(Work instruction) With pictures omitted, copy exactly every line from the one that contains "Keychain Hook, Brass" to the end of the listing below.
Data provided Block Start
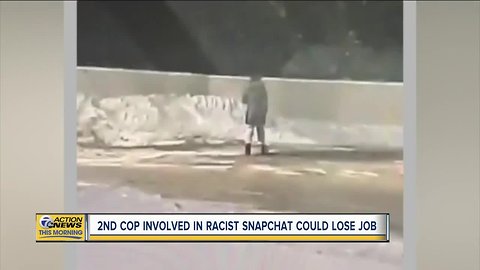 Second cop involved in racist Snapchat post could lose job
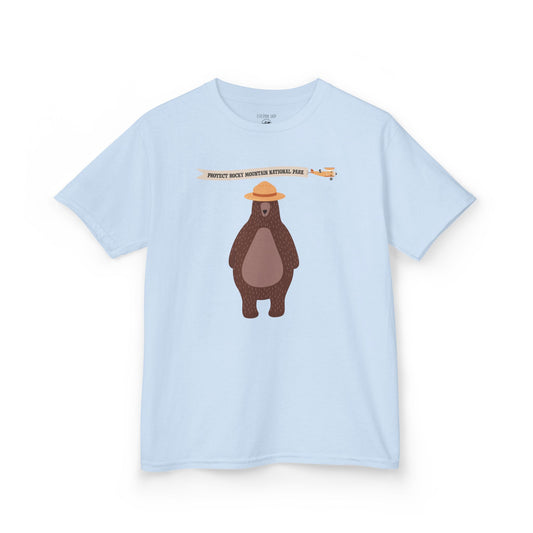 Bear Ranger - Protect Rocky | Kids Heavy Cotton Tshirt | RMNP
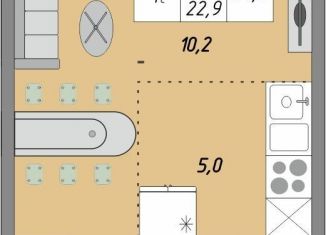 Однокомнатная квартира на продажу, 24.9 м2, Оренбург, жилой комплекс Осенний Лист, 1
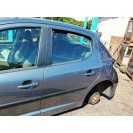 Tür hinten links Peugeot 207 5 türig Farbcode EZWD Gris Fer Metallic Eisengrau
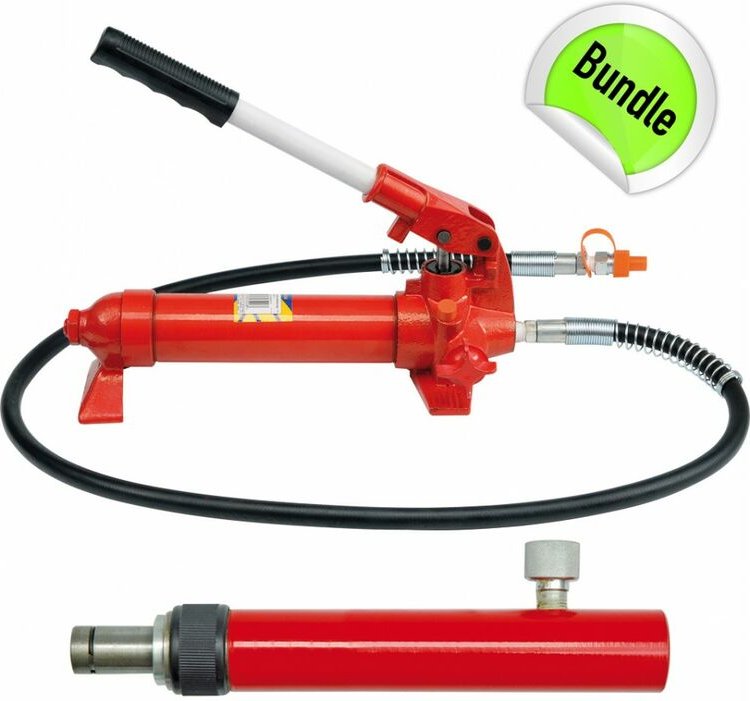 Hydraulikpumpe Richtsatz Druck Zylinder Presse Hydraulikzylinder 10 Tonnen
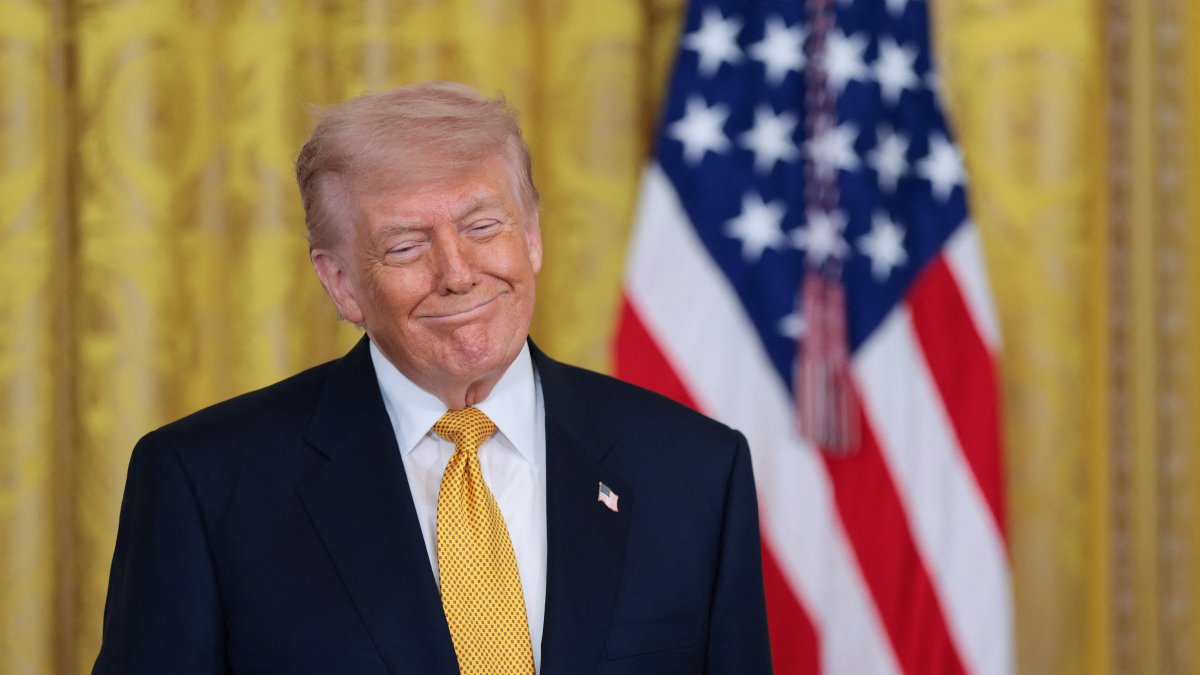 U.S. President Donald Trump attends an event to mark Military Mother's Day, in the East Room at the White House in Washington, D.C., U.S., May 6, 2026. (Reuters Photo)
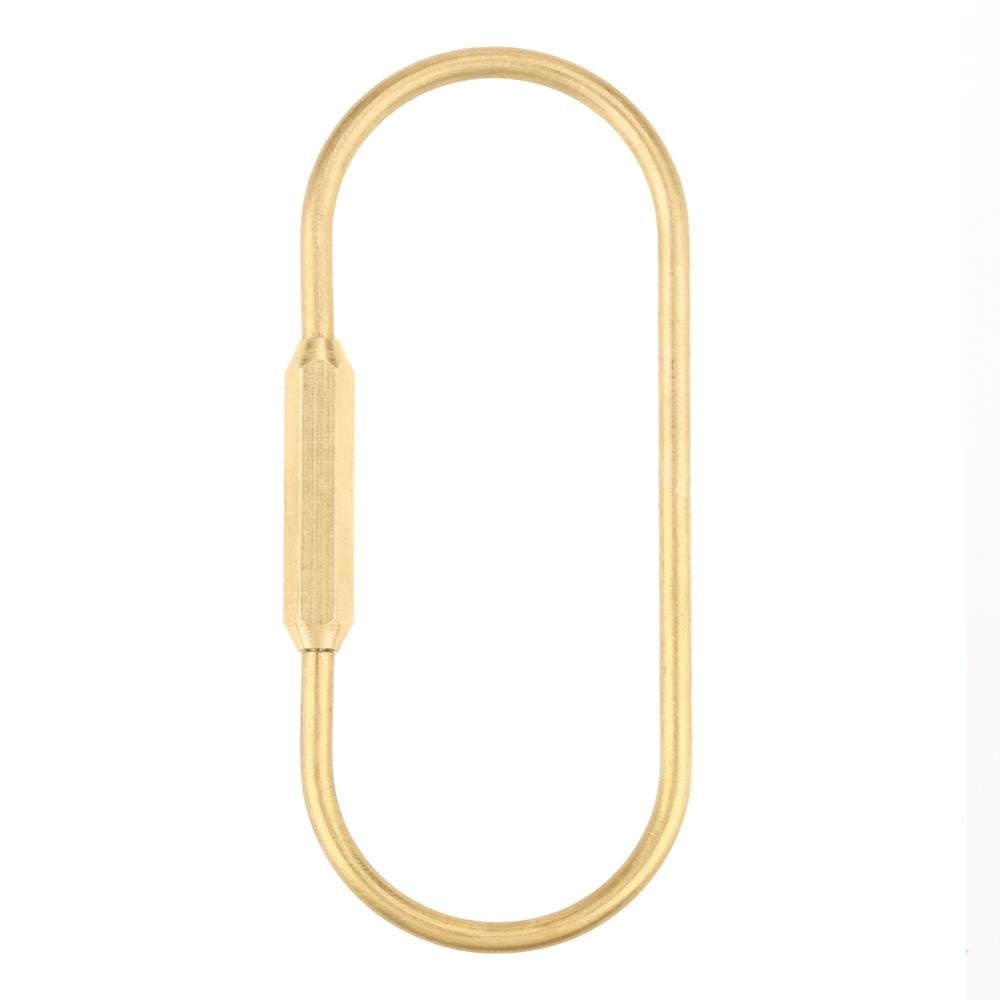 Keychain Hook, Brass Screw Lock Carabiner Clip Hook Keychain Key Ring DIY Gift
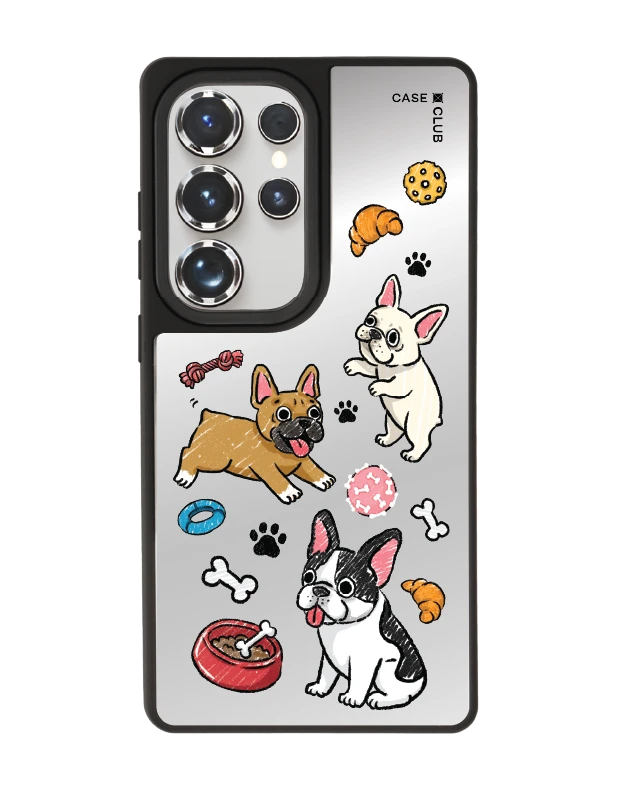 samsung s25 ultra matte mirror magsafe french bull dog play time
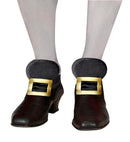 Pair Of Leather Look Metal Shoe Buckles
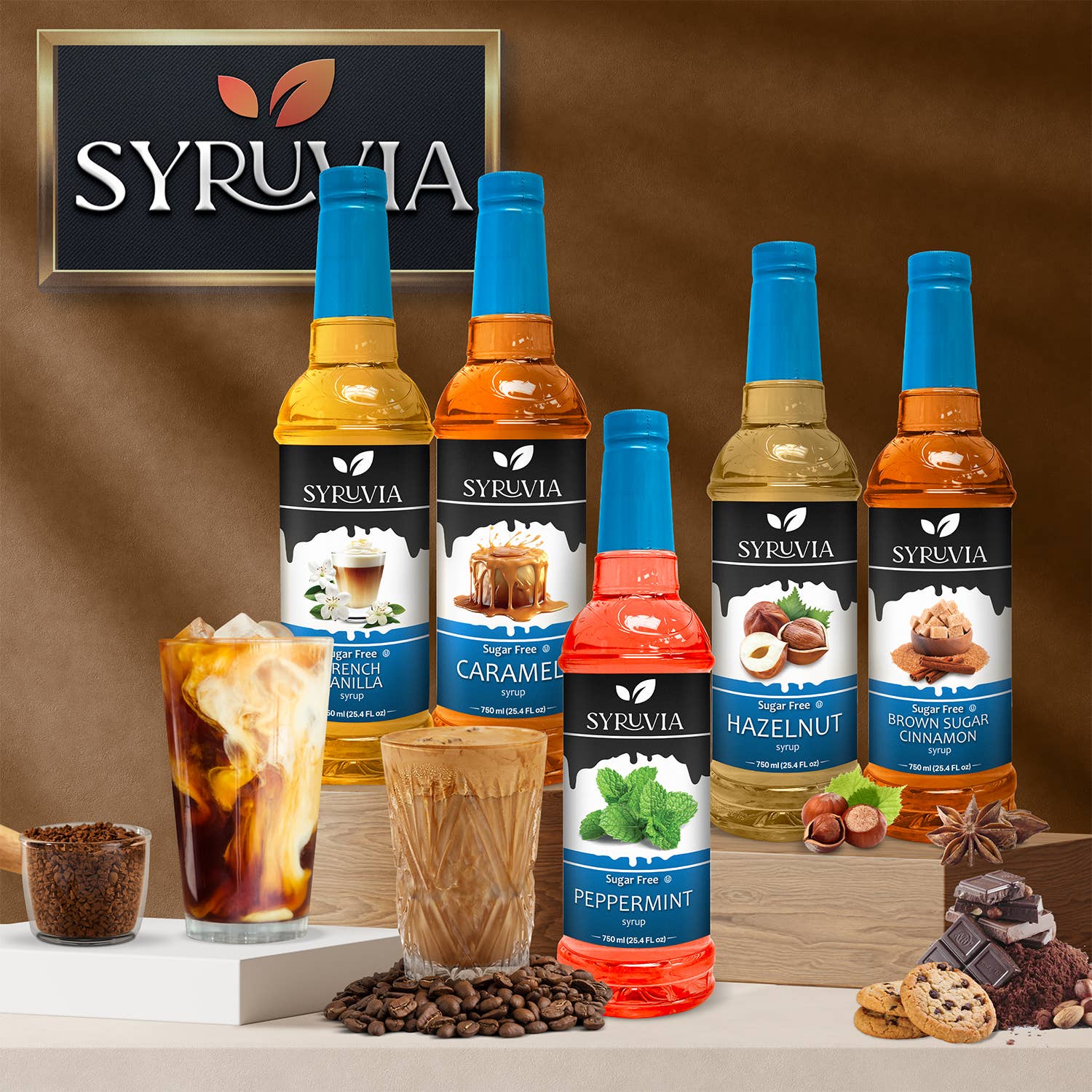 Syruvia - Vente Sirops aromatisés - Sirop de noix de pécan au bourbon à l'érable sans sucre6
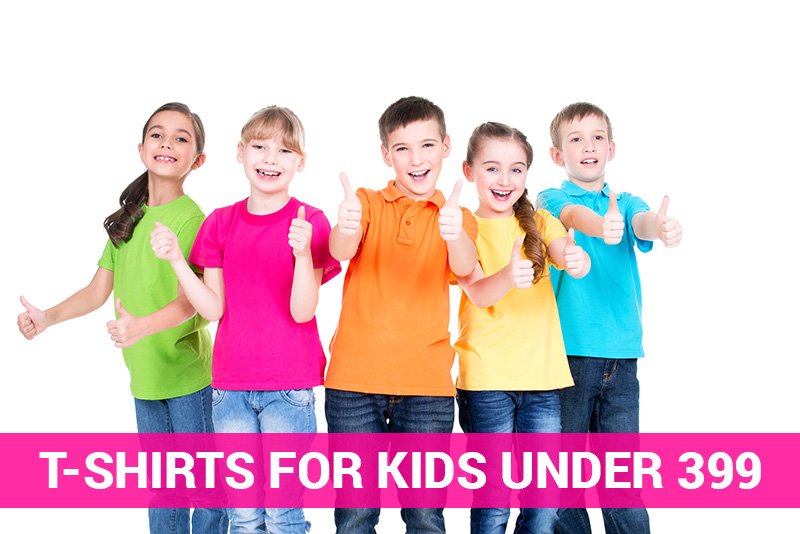 T-shirts for kids under 399: The best choices for boys and girls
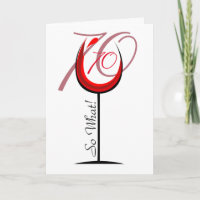 Positives Lustiges Rotes Weinglas 70. Geburtstag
Data provided Block End
(Result for this exercise)
 Keychain Hook, Brass Screw Lock Carabiner Clip Hook Keychain Key Ring DIY Gift
 samsung s25 ultra matte mirror magsafe french bull dog play time
 Pair Of Leather Look Metal Shoe Buckles
 Syruvia - Vente Sirops aromatisés - Sirop de noix de pécan au bourbon à l'érable sans sucre6
 T-shirts for kids under 399: The best choices for boys and girls
 Positives Lustiges Rotes Weinglas 70. Geburtstag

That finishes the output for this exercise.